When multiplying complex numbers such as \((2+4i)(-1+3i)\),we use the Distributive Property.This property tells us to multiply each term in the first complex number by each term in the second. Think of it like distributing each part of one number across every part of the other.
To illustrate:

• First, multiply \(2\) by each term in \((-1 + 3i)\).You'll get \(-2\) and \(6i\).
• Next, multiply \(4i\) by each term in \((-1 + 3i)\).This yields \(-4i\) and \(12i^2\).

By systematically distributing each part, we ensure every combination is covered, allowing us to correctly sum all the products.
This approach is fundamental in finding the product of two complex numbers.

The standard form of a complex number is expressed as \(a + bi\), where \(a\) and \(b\) are real numbers.In this exercise, after distributing and simplifying, we aim to write our solution in this form.
After multiplication and simplification,we end up with real and imaginary components, such as:

• \(-14\) (the real part)
• \(2i\) (the imaginary part)

Thus, the final step is to combine these components into the standard form:\(-14 + 2i\).Positioning real parts before imaginary parts maintains consistency and clarity in mathematical communication.

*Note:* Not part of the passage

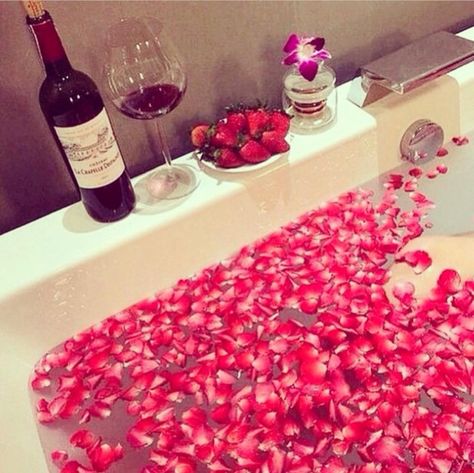 Luxury Tumblr, Romantic Room, Flower Bath, Romantic Ideas, Relaxing Bath, Bubble Bath, Better Skin, Date Ideas, Love Is In The Air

Imaginary units are key in understanding complex numbers.The unit \(i\) represents the square root of \(-1\).When working with \(i\), it's important to remember that \(i^2 = -1\).
This property was crucial when simplifying \(4i \times 3i = 12i^2\).Using \(i^2 = -1\), we transformed \(12i^2\) into \(-12\).
Understanding how imaginary units combine and simplify is vital when working with complex multiplication.This comprehension helps keep calculations correct and ensures results are expressed in the simplest terms.